++++ Raw data ++++
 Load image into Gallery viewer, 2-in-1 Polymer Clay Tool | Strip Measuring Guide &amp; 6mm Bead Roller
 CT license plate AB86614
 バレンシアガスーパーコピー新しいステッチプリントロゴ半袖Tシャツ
++++
++++ Raw data ++++
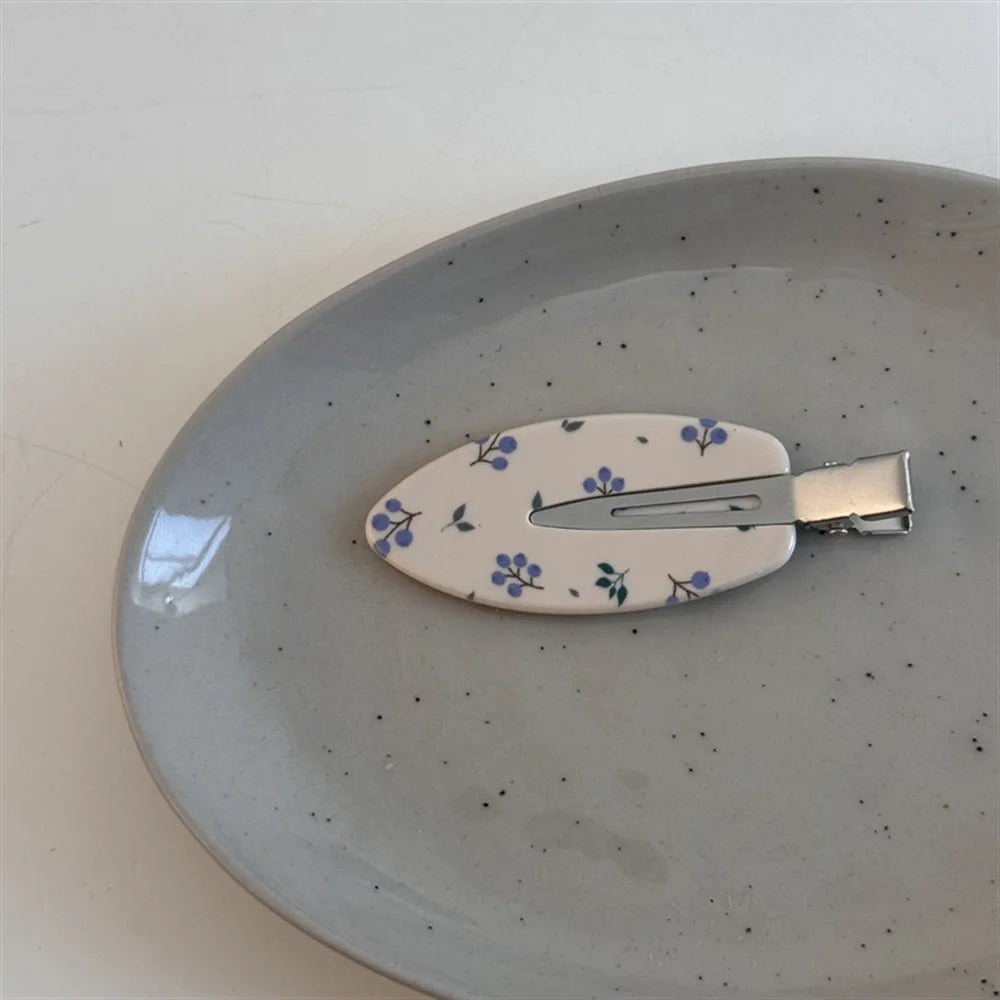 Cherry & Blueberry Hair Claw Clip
++++
§ **What you need to do**
Which lines above run from the one containing "Load image into" down to the one containing "バレンシアガスーパーコピー新しいステッチプリントロゴ半袖Tシャツ"? Repeat exactly those, both ends included, and nothing else.

§ **Exercise answer**
 Load image into Gallery viewer, 2-in-1 Polymer Clay Tool | Strip Measuring Guide &amp; 6mm Bead Roller
 CT license plate AB86614
 バレンシアガスーパーコピー新しいステッチプリントロゴ半袖Tシャツ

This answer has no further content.